ElasticSearch as the primary database
The short answer is, it most likely wouldn’t be a good idea to use ElasticSearch as a primary store without some kind of backing database, due to the following reasons:
- Most critical reason is that there could be data loss, when dealing with large volumes of data. Apparently, all the innovation around ElasticSearch is around improving resiliency. Read more: https://www.elastic.co/guide/en/elasticsearch/resiliency/current/index.html
- ElasticSearch index sizes need to be pre-determined. Schema/Mapping changes require re-indexing. If the data grows in size or evolves and cannot be managed with original sharding or mapping strategies, have to migrate data into newer indexes. Now, the application has to both serve the incoming traffic and do migrations. No database technology would require you to estimate data sizes per table, if I were to take an analogy with typical databases.
- Performance is going to be a problem if all data queries need to be served out of ElasticSearch especially if volume of data is huge and all data is being indexed without specific attention paid to the query patterns being used.
Now, is it still possible to use ElasticSearch as a database ?
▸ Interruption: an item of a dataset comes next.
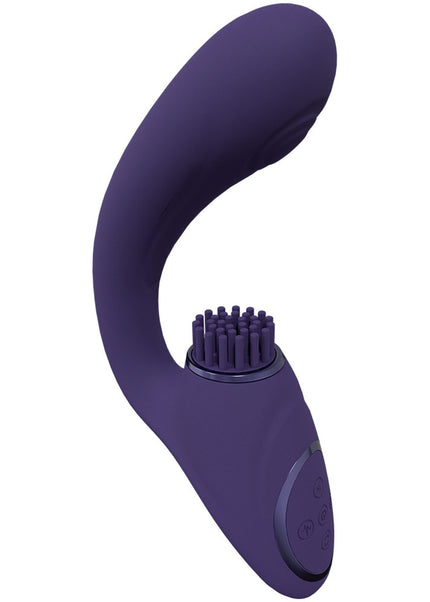 VIVE Gen - Purple - Purple USB Rechargeable Triple Motor Vibrator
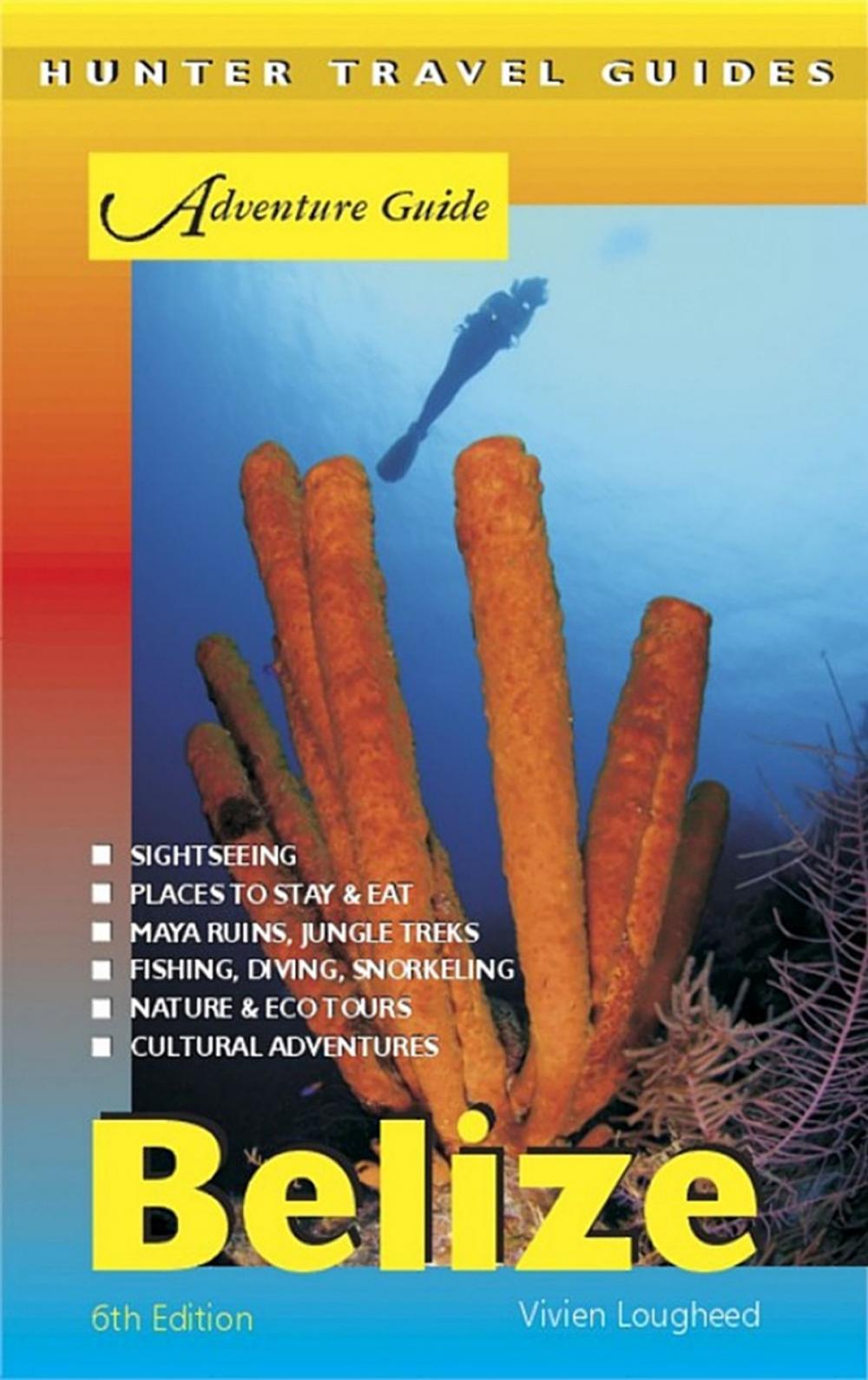 Big bigCover of Belize Adventure Guide 6th ed.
Yes, on the following cases:
- Event sourcing on the database end. That means, a message queue or event streaming system such as Kafka front the ElasticSearch indexing. This approach will buffer the requests in case ElasticSearch is performing cluster updates or leader elections that might potentially result in data loss.
- The writes are controlled and infrequent. So if you have relatively static content, but would like the data to be searchable, amenable for analytics, that makes a good case.
- The typical use case and the most widely used scenario is that ElasticSearch is a sink in a data pipeline and with another system/database mastering the data. In case of data loss, there is a way to replay data from upstream.